AVAILABLE DATA:
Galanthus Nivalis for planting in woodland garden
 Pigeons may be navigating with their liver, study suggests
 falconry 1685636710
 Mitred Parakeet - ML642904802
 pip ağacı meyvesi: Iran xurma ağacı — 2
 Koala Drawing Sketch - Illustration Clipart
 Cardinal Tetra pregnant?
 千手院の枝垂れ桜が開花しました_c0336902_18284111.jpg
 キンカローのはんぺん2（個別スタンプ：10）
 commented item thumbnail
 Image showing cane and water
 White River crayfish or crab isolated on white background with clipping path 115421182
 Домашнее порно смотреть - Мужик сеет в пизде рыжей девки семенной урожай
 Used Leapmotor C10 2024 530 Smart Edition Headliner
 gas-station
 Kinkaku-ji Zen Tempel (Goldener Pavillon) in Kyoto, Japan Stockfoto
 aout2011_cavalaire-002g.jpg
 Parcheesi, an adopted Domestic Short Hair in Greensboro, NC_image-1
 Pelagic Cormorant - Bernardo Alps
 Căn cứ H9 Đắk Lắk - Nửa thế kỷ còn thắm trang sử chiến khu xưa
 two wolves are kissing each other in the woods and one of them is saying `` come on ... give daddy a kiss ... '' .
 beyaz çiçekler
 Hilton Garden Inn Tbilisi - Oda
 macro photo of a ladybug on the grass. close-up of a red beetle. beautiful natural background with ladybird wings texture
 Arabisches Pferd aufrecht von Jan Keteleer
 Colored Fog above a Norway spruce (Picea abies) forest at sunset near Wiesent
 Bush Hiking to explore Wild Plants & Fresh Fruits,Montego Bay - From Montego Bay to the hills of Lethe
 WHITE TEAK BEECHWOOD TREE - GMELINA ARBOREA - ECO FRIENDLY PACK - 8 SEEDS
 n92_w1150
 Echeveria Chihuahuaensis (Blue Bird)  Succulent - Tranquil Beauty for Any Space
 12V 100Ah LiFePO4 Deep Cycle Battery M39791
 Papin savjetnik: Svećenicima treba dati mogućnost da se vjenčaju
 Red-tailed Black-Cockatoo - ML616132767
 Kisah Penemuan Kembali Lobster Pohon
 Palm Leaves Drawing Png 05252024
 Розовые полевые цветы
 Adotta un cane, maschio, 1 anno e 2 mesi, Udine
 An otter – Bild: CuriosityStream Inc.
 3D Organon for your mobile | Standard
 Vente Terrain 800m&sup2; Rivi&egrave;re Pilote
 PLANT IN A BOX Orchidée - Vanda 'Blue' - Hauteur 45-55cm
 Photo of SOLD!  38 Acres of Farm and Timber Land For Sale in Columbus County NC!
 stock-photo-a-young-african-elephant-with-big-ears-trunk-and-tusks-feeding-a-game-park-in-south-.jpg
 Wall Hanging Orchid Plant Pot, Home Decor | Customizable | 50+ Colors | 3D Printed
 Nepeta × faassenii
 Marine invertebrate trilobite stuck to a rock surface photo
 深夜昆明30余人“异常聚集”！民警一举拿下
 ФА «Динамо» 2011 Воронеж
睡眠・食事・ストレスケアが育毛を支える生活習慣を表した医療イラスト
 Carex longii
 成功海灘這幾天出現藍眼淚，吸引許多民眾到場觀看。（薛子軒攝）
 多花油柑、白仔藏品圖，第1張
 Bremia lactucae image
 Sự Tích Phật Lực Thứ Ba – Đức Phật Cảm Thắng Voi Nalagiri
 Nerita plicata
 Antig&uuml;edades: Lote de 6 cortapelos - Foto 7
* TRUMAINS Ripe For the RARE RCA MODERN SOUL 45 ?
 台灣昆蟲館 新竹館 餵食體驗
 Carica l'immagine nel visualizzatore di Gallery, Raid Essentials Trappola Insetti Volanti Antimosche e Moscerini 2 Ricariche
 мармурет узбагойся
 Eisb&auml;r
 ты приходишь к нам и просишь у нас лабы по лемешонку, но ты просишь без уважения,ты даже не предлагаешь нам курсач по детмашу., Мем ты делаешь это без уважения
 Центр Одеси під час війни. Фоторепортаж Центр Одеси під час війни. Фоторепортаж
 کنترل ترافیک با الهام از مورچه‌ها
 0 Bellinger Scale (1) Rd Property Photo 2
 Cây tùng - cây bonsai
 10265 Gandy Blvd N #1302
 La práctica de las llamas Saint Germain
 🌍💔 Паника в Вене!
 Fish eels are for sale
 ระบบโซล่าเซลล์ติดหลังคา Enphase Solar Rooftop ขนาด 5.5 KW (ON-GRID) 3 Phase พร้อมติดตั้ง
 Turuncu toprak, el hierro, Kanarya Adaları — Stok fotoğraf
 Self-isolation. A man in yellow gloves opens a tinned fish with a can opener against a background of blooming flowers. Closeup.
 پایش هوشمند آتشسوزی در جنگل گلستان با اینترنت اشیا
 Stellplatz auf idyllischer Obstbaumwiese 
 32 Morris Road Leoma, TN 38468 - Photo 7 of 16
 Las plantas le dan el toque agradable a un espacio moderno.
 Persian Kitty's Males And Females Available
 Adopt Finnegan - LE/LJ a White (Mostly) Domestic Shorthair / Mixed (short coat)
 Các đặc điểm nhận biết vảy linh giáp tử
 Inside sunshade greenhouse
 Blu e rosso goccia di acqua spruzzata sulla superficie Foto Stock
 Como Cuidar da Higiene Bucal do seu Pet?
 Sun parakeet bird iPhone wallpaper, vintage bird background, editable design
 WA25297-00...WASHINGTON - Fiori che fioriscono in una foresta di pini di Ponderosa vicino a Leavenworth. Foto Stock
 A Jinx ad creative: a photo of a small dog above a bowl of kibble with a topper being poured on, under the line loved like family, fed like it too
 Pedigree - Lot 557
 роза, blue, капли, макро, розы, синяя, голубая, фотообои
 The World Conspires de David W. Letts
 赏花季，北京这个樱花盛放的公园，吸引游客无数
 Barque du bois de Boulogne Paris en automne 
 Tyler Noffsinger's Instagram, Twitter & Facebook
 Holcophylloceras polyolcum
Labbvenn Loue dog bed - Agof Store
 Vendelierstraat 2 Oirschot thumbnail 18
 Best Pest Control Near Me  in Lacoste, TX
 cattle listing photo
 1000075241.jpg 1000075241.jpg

TASK PROMPT: Return only the exact lines from the opening of the records through the line that contains "Cardinal Tetra pregnant?", both included.

ANSWER TO THE PROBLEM:
Galanthus Nivalis for planting in woodland garden
 Pigeons may be navigating with their liver, study suggests
 falconry 1685636710
 Mitred Parakeet - ML642904802
 pip ağacı meyvesi: Iran xurma ağacı — 2
 Koala Drawing Sketch - Illustration Clipart
 Cardinal Tetra pregnant?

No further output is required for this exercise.